Liang Xiaole était au courant de son problème. Bien qu'elle ait par la suite fait des avances à la mère de Hongyuan, Liang Xiaole a toujours gardé une certaine distance à son égard, ni chaleureuse ni froide, ni trop proche ni trop distante.

Suite à l'incident impliquant Cui Cui, Liang Xiaole ne peut plus rester silencieuse.

Dans le cœur de Liang Xiaole, Liang Xiaocui était bien plus que sa cousine et sa bonne amie, malgré son petit corps actuel.

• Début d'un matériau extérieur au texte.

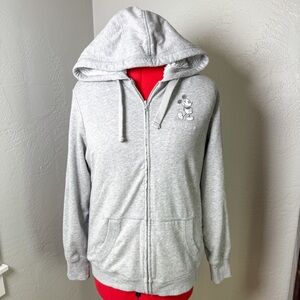 Disneyland Gray Black Embroidered Mickey Mouse Sherpa Lined Zip Hoodie Size M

Ce qui touchait Liang Xiaole, c'était le caractère de Liang Xiaocui

: malgré les quelques écarts de conduite et les manquements à l'étiquette de Kou Daying, Liang Xiaocui était sans conteste une jeune fille exceptionnelle. Calme et réservée, elle parlait rarement. Si elle avait du travail, elle pouvait rester chez elle des journées entières, évitant les événements joyeux comme les funérailles ou les mariages.

Cette jeune fille honnête et intègre a été accusée à tort de «

rencontre secrète

» et d'«

infidélité

» simplement parce qu'elle a échangé quelques mots avec un camarade de classe. N'est-ce pas exagéré

?! Il faudrait au moins se renseigner sur la personne dont on colporte des rumeurs

!

Les accusations infondées et les rumeurs ont déjà causé la mort. Si nous ne donnons pas une leçon à ce genre de personnes, comment les filles pourront-elles survivre dans ce monde

?

Cependant, le gouvernement a ignoré ces incidents et les a laissés se propager, invoquant le manque de preuves concrètes.

Pour le bien de Liang Xiaocui, et pour toutes les filles du monde, Liang Xiaole décida d'utiliser son pouvoir spécial (son pouvoir ne peut pas affecter directement les humains) pour donner une leçon à cette « commère ».